§ Problem to work on
Give back each entry unchanged, minus pictures.
§ §
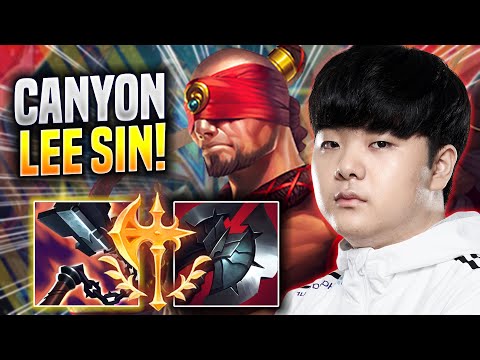 CANYON IS A BEAST WITH LEE SIN! - DK Canyon Plays Lee Sin JUNGLE vs Elise! | Season 2023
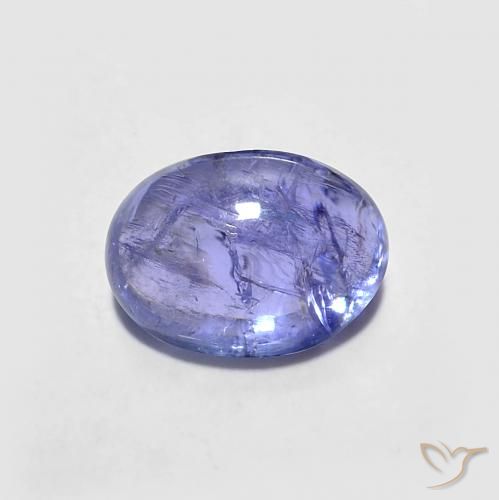 9,17 ctw natürlicher Intensives Violettblau Tansanit, Oval, Transparent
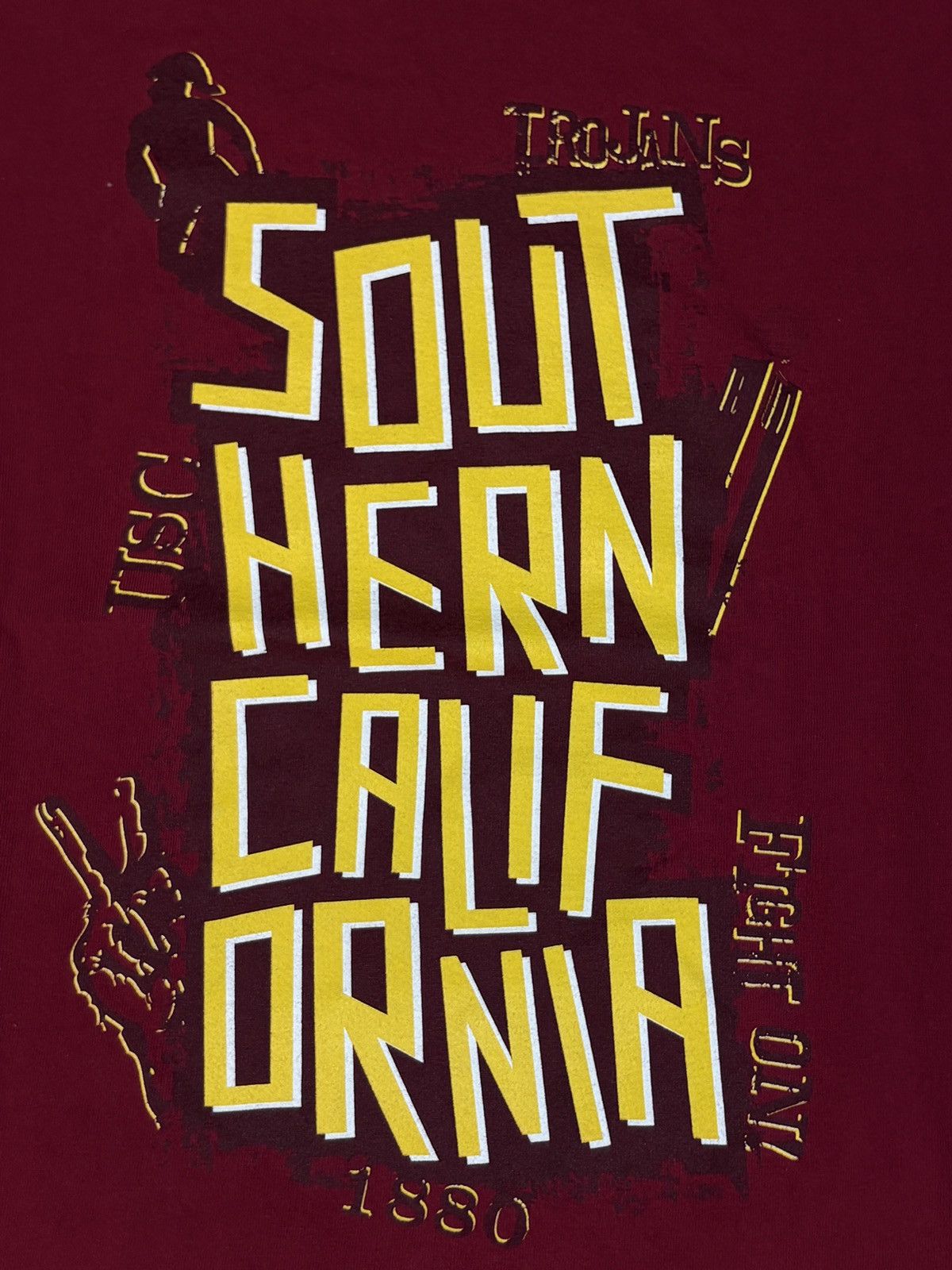 NCAA Vintage 1990s GILDAN USC “Southern California” Size XL 0534 Size US XXL / EU 58 / 5 - 4 Thumbnail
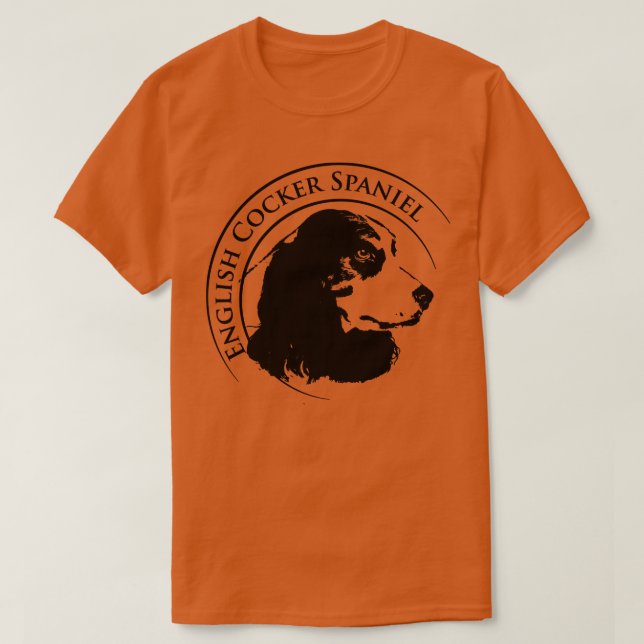 T-shirt Anglais Cocker Spaniel Dog Art numérique 4 (Design devant)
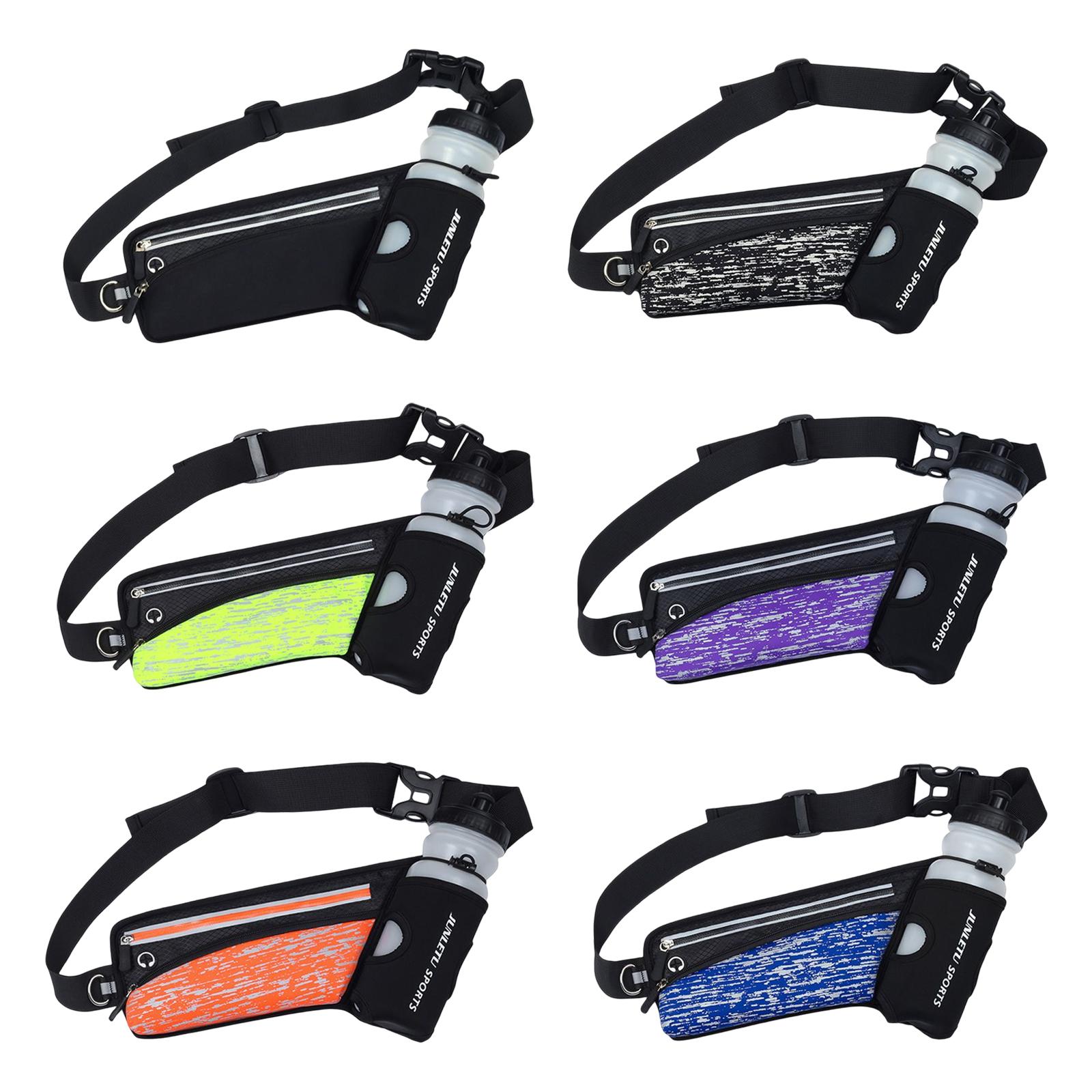 Running Belt Fanny Bag Sports Pockets Women Men with Headphone Hole Purse Waist for Workout Runners Mountaineering Fitness
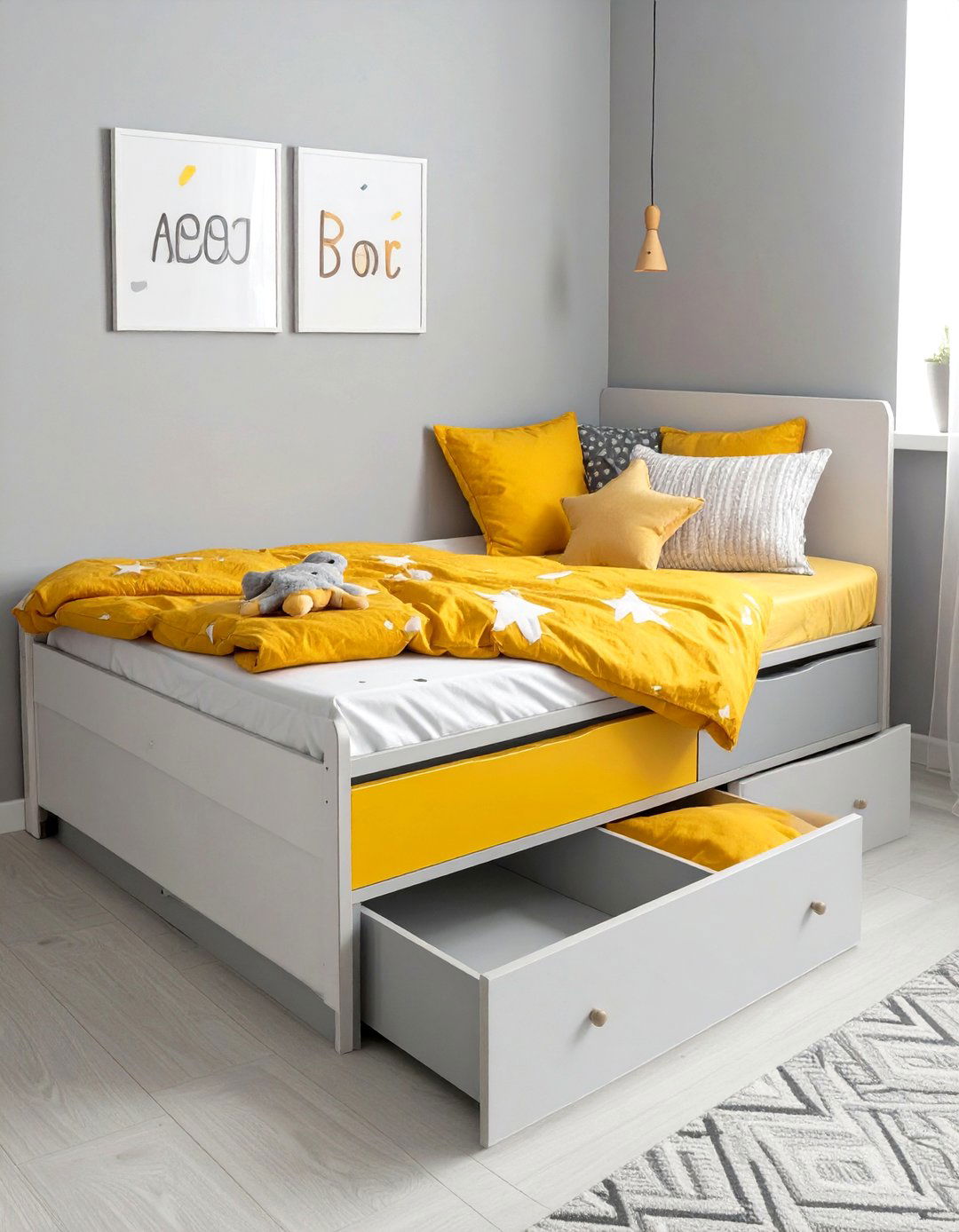 Under the Bed Storage Drawers - 30 kids bedroom ideas for small rooms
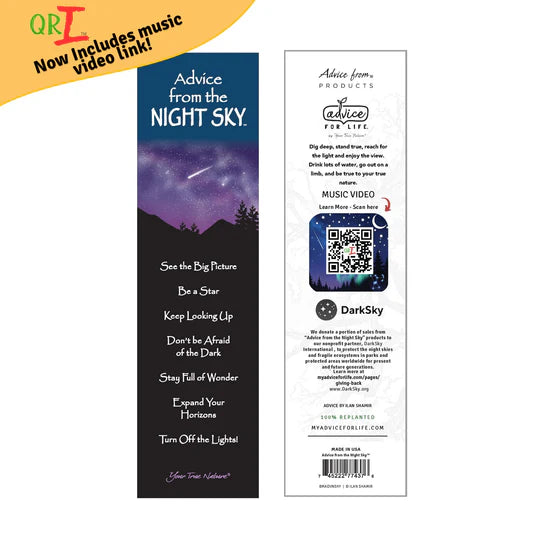 Advice for Life Bookmark - Night Sky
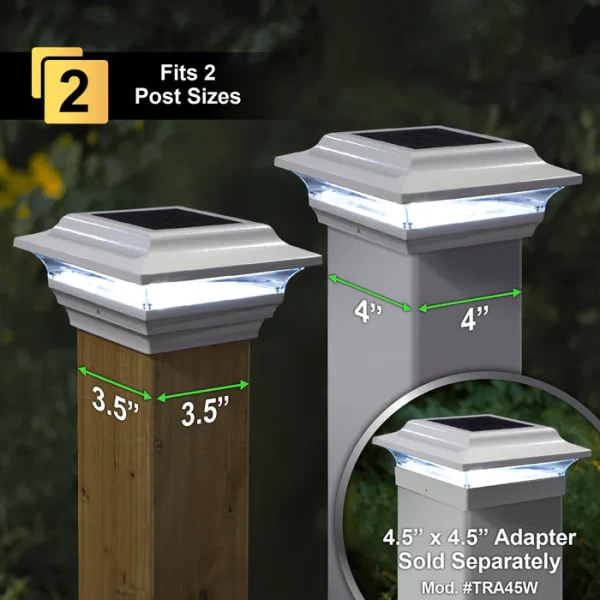 Imperial Solar Post Cap - White - Image 2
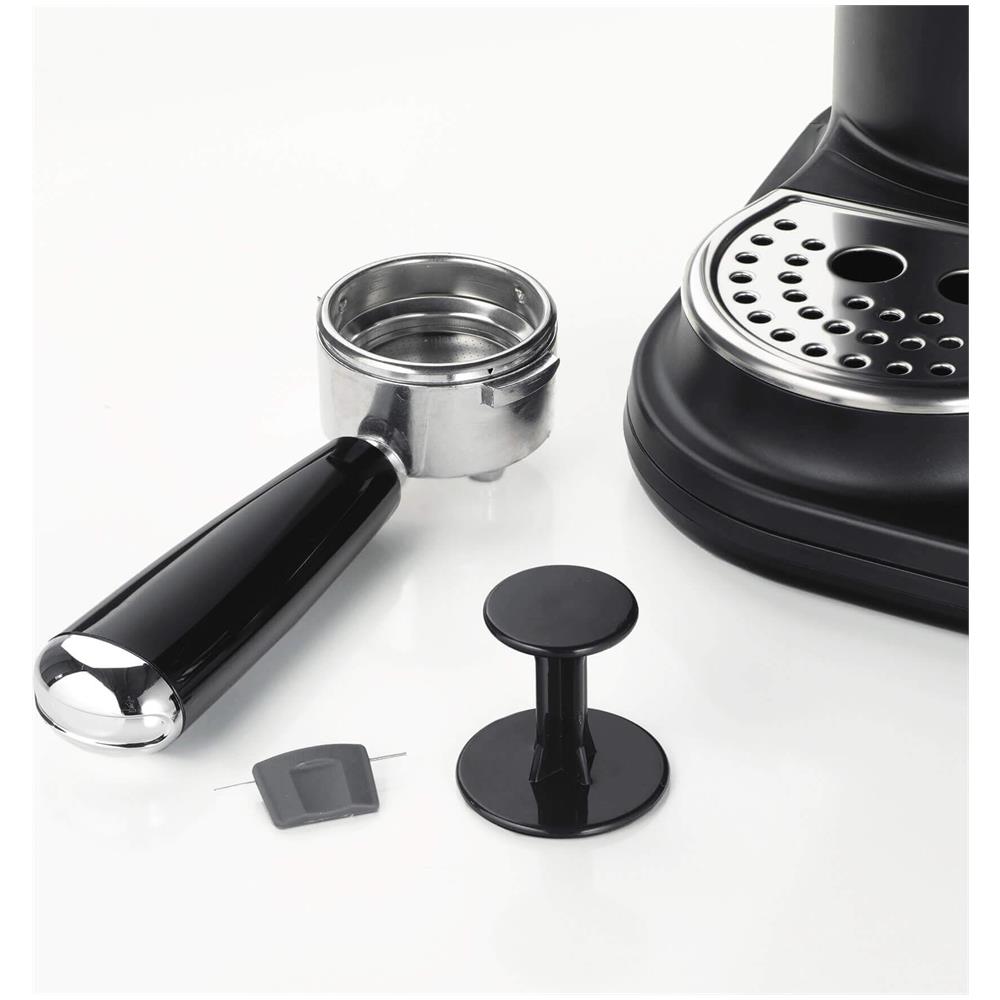 Macchina da Caffè Espresso Semi automatica Jolie AR 1318 Serbatoio 0.8 Lt. Potenza 1080 Watt Colore Nero - Foto 8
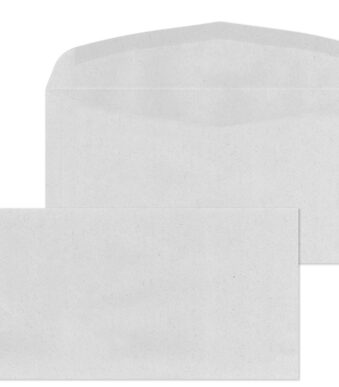 MAILmedia envelop 114x229 mm, gegomd, recycled grijs, z. venster, 75 g/m2 1.000 st
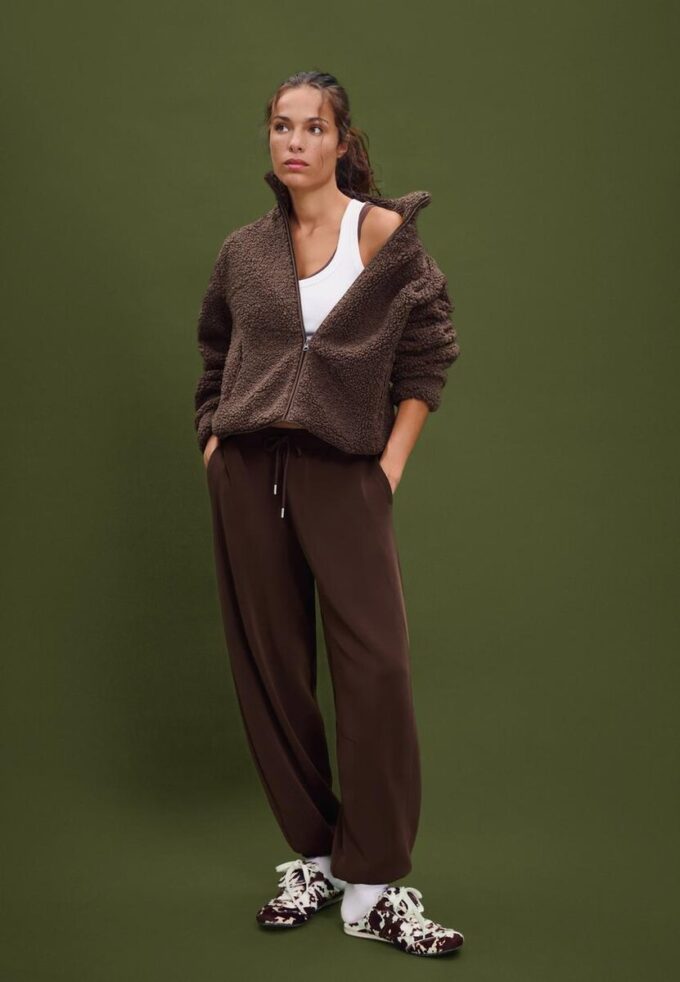 Veste zippée doublée en simili-mouton Veste zippée doublée en simili-mouton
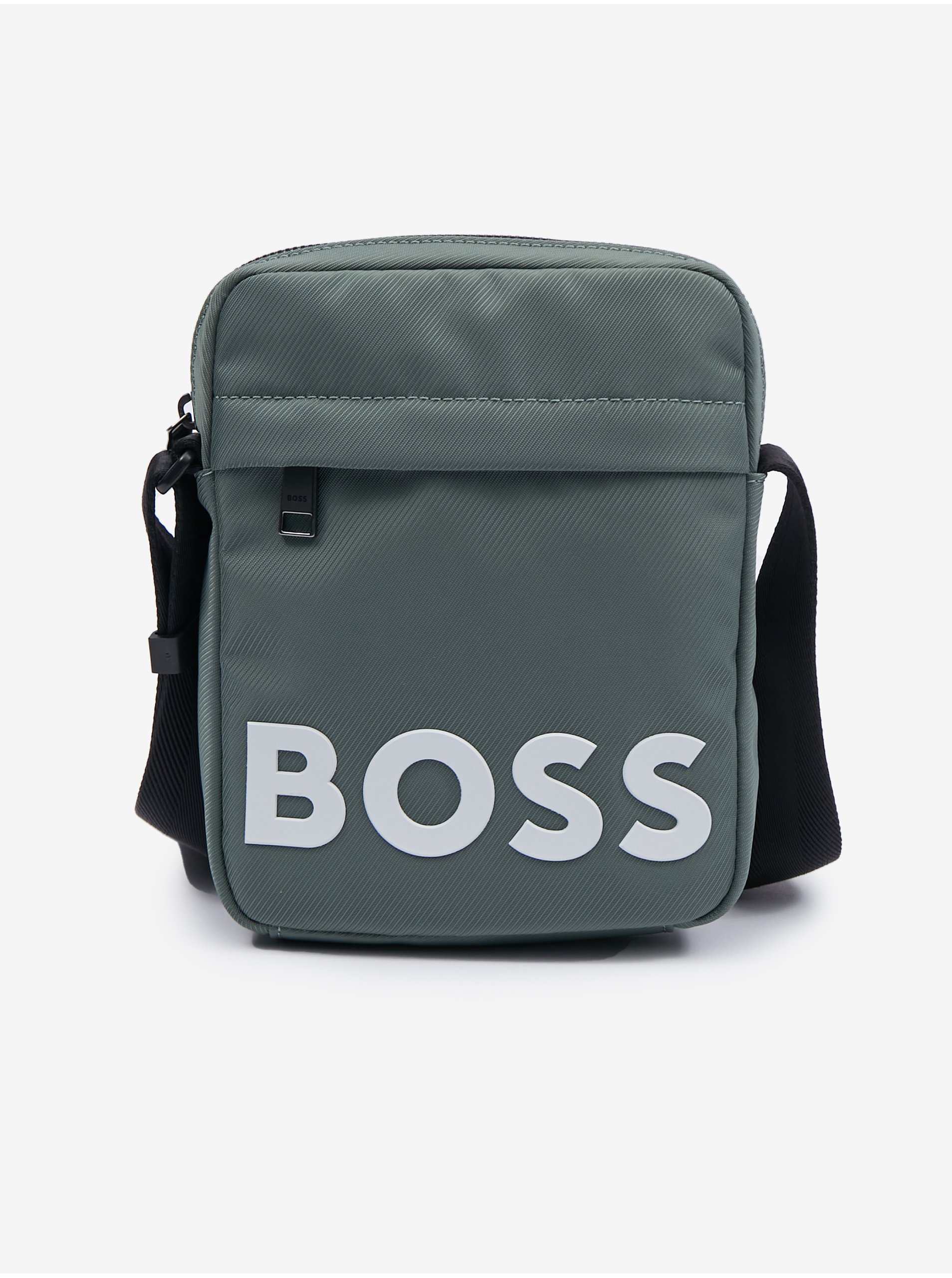 Levně Zelená pánská taška přes rameno Hugo Boss Catch 2.0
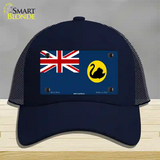 West Australia Flag Novelty License Plate Hat Mesh / Navy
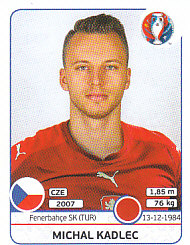 Michal Kadlec Czech Republic samolepka EURO 2016 #390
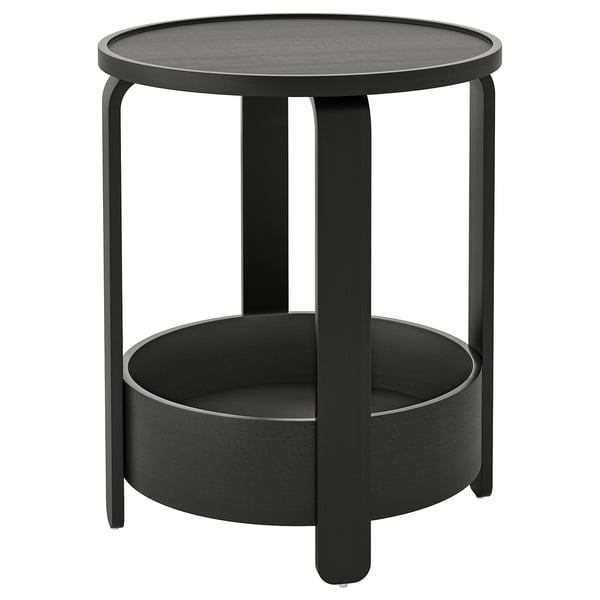 BORGEBY Table d'appoint, noir, 46 cm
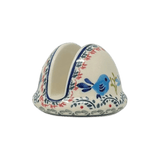 Napkin Holder, Round, 3" in "Circling Bluebirds" by Zaklady | Y1109-ART214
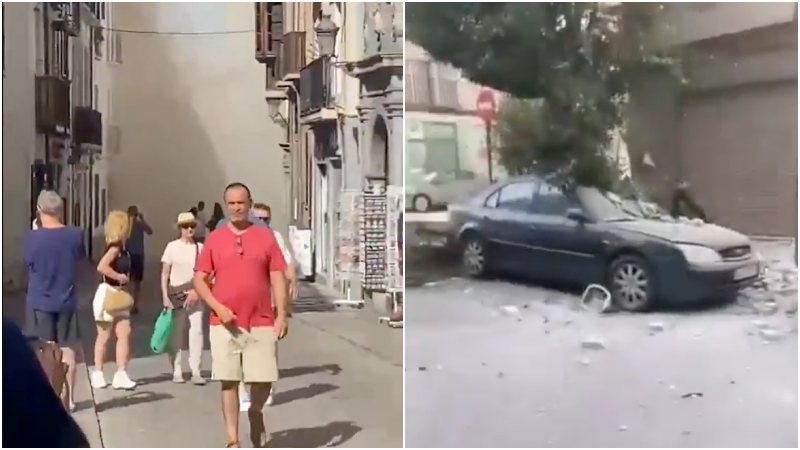 Sismo de 4,8 sacud regiones de España: reportan al menos tres heridos +VIDEOS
§ §
§ Output for this exercise
 CANYON IS A BEAST WITH LEE SIN! - DK Canyon Plays Lee Sin JUNGLE vs Elise! | Season 2023
 9,17 ctw natürlicher Intensives Violettblau Tansanit, Oval, Transparent
 NCAA Vintage 1990s GILDAN USC “Southern California” Size XL 0534 Size US XXL / EU 58 / 5 - 4 Thumbnail
 T-shirt Anglais Cocker Spaniel Dog Art numérique 4 (Design devant)
 Running Belt Fanny Bag Sports Pockets Women Men with Headphone Hole Purse Waist for Workout Runners Mountaineering Fitness
 Under the Bed Storage Drawers - 30 kids bedroom ideas for small rooms
 Advice for Life Bookmark - Night Sky
 Imperial Solar Post Cap - White - Image 2
 Macchina da Caffè Espresso Semi automatica Jolie AR 1318 Serbatoio 0.8 Lt. Potenza 1080 Watt Colore Nero - Foto 8
 MAILmedia envelop 114x229 mm, gegomd, recycled grijs, z. venster, 75 g/m2 1.000 st
 Veste zippée doublée en simili-mouton Veste zippée doublée en simili-mouton
 Levně Zelená pánská taška přes rameno Hugo Boss Catch 2.0
 West Australia Flag Novelty License Plate Hat Mesh / Navy
 Michal Kadlec Czech Republic samolepka EURO 2016 #390
 BORGEBY Table d'appoint, noir, 46 cm
 Napkin Holder, Round, 3" in "Circling Bluebirds" by Zaklady | Y1109-ART214
 Sismo de 4,8 sacud regiones de España: reportan al menos tres heridos +VIDEOS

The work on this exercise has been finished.